JRA「走ります。楽しみな馬です」福永祐一“大絶賛”の3歳馬が大変身!? かつての「重賞1番人気馬」がトンネル脱出したワケ
4日の阪神競馬場で行われた8R・3歳上1勝クラスは、福永祐一騎手の2番人気グロリアムンディ(牡3歳、栗東・大久保龍志厩舎)が優勝。昨年10月の新馬戦以来、嬉しい2勝目を挙げた。
11頭で争われたダート2000m戦。今回が初めてのダート戦となった本馬だが、走り慣れた芝スタートで好発すると、道中は好位外目を追走。3・4コーナーで馬なりのまま進出を始めて、直線入口で先頭へ躍り出ると、後は後続を離す一方で4馬身差の快勝劇を演じた。
1年2ヶ月ぶりの勝利に福永騎手は「もともと力のある馬ですし、いいレースをしてくれました。今日でも抜け出してからは気を抜いていたほど。強かったですね」と、パートナーを褒め称えた。
福永騎手が話す通り、同馬は騎手やファンなどから「高い能力を持った馬」と認識されていた。京都芝2000mの新馬戦では、大外に持ち出されると1頭だけ違う脚色で、鮮やかに差し切り勝ち。当時の福永騎手は「走ります。楽しみな馬です。次は重賞を使ってもいいくらいです」と、太鼓判を押していた。
福永騎手の進言を信じてか2戦目に選んだのが、デビュー戦の6週間後に行われた京都2歳S(G3)。後に重賞を制するラーゴムやワンダフルタウンなどの好メンバーが揃ったなか、グロリアムンディは新馬戦のパフォーマンスを評価されて単勝3.8倍の1番人気に支持された。
まずまずのスタートを切り、2戦目ながらタイトなレースの流れに乗っていたが、勝負所で他の馬に被されて、外へ出せず。直線は窮屈なインコースを通らざるを得ない状況となり、懸命に脚を伸ばすも4着に敗れた。レース後の福永騎手は「うまく乗ることができず、申し訳ありません」と、自身の非を認めるようなコメントを残している。

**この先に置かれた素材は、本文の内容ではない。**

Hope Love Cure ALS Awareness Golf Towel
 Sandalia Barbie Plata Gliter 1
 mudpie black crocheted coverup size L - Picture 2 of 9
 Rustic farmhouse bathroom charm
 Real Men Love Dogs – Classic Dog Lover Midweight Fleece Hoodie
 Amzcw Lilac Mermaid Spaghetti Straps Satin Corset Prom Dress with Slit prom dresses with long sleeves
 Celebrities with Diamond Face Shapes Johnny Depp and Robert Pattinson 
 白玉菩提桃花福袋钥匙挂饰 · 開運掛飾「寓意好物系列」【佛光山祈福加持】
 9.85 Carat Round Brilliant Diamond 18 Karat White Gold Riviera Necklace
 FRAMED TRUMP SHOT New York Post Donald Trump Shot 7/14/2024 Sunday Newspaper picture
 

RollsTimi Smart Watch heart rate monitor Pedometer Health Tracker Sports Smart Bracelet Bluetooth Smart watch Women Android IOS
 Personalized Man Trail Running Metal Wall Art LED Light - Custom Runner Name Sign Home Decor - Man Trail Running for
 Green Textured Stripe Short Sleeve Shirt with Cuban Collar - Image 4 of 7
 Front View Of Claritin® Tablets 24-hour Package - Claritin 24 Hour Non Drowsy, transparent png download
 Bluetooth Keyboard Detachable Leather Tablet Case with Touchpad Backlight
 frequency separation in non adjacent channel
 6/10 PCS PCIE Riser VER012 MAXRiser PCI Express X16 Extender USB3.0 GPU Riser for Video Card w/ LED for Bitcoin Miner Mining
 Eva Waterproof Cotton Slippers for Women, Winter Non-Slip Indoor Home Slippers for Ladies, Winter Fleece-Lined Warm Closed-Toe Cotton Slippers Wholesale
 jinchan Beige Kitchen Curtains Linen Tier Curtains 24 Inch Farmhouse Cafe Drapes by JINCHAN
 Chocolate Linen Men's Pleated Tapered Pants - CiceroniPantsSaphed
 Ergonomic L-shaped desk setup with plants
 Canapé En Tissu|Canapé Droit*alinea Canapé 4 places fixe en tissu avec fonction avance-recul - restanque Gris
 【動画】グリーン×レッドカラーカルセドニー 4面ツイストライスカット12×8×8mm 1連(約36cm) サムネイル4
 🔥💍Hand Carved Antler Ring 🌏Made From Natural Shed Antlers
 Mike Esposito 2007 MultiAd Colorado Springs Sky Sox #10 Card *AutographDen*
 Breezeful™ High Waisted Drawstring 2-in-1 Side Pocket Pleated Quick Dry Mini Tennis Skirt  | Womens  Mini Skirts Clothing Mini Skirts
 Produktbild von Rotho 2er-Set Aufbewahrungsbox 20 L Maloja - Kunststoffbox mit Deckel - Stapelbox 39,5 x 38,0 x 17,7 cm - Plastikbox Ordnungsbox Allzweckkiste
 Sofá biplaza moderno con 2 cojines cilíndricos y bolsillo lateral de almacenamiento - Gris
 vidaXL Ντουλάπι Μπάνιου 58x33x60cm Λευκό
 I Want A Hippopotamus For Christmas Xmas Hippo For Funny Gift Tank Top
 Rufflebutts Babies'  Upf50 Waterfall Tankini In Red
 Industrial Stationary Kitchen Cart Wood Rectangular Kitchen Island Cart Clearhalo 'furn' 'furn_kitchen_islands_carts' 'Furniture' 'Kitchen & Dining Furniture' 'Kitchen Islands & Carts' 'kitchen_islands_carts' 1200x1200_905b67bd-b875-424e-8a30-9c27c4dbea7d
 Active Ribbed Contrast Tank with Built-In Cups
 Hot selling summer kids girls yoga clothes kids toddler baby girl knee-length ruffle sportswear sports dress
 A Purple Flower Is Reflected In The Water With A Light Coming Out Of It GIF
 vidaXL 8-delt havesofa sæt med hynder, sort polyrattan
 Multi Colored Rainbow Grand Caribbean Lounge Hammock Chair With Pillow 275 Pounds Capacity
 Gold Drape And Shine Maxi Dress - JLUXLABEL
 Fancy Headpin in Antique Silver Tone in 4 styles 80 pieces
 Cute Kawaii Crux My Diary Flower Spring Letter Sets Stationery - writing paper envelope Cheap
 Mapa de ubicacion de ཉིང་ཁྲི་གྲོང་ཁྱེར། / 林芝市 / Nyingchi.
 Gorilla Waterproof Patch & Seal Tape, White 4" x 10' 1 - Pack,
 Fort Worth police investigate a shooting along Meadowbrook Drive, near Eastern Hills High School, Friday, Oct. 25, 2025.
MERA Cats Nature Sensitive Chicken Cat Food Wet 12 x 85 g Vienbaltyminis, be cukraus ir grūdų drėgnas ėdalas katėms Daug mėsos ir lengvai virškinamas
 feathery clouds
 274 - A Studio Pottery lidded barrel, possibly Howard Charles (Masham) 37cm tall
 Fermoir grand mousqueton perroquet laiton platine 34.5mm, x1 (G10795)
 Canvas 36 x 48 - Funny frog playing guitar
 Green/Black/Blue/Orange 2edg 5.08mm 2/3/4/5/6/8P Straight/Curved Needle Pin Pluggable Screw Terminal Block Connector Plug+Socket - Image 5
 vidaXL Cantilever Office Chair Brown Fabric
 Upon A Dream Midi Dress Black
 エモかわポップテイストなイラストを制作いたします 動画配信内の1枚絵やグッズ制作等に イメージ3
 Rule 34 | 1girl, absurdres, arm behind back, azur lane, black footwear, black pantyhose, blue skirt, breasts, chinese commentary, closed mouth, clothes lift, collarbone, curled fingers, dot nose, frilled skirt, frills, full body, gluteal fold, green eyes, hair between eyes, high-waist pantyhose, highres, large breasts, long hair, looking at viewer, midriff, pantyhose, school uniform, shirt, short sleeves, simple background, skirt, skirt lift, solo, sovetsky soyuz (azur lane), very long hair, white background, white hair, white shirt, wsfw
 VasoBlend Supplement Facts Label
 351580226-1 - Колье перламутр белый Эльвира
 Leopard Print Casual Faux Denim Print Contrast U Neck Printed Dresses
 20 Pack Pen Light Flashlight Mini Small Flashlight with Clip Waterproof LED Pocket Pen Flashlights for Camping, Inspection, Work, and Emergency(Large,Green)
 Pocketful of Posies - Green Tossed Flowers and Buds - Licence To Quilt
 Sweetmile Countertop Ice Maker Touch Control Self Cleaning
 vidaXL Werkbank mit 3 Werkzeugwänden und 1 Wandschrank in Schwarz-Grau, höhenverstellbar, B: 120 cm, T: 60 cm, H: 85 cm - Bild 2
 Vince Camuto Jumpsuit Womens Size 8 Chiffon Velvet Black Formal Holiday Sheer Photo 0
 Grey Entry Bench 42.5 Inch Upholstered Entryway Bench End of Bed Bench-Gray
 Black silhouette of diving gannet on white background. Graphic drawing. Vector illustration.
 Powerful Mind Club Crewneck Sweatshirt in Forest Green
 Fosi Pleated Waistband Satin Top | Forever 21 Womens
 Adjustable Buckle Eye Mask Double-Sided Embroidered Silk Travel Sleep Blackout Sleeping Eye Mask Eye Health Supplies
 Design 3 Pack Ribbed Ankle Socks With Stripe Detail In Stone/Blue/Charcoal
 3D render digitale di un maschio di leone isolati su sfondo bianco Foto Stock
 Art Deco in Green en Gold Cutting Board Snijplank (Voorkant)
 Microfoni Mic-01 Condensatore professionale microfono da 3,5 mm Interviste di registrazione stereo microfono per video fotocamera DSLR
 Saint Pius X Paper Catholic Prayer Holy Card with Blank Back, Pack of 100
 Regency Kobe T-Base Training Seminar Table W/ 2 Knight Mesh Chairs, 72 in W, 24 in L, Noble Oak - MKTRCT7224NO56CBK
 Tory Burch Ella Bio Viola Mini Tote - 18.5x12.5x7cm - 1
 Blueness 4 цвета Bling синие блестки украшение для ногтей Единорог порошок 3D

敗れたとはいえ、スムーズなレースができていれば重賞を勝っていたかもしれない。それゆえ、同馬は3戦目以降も常に1、2番人気に推されるほど、1勝馬ながら注目される馬となった。しかし、京都2歳Sの敗戦を機に長いトンネルへ入ることになる。
「福永騎手が全レース騎乗していることからも、グロリアムンディが高い能力を秘めていることは間違いないと思います。しかし、掴みどころがなく、なかなか勝ち切れない印象があります。
そして、未勝利が続く状況に騎手もモヤモヤしているのでしょうか。3走前、4走前のレース後には『申し訳ないです』と謝罪していますね」(競馬記者)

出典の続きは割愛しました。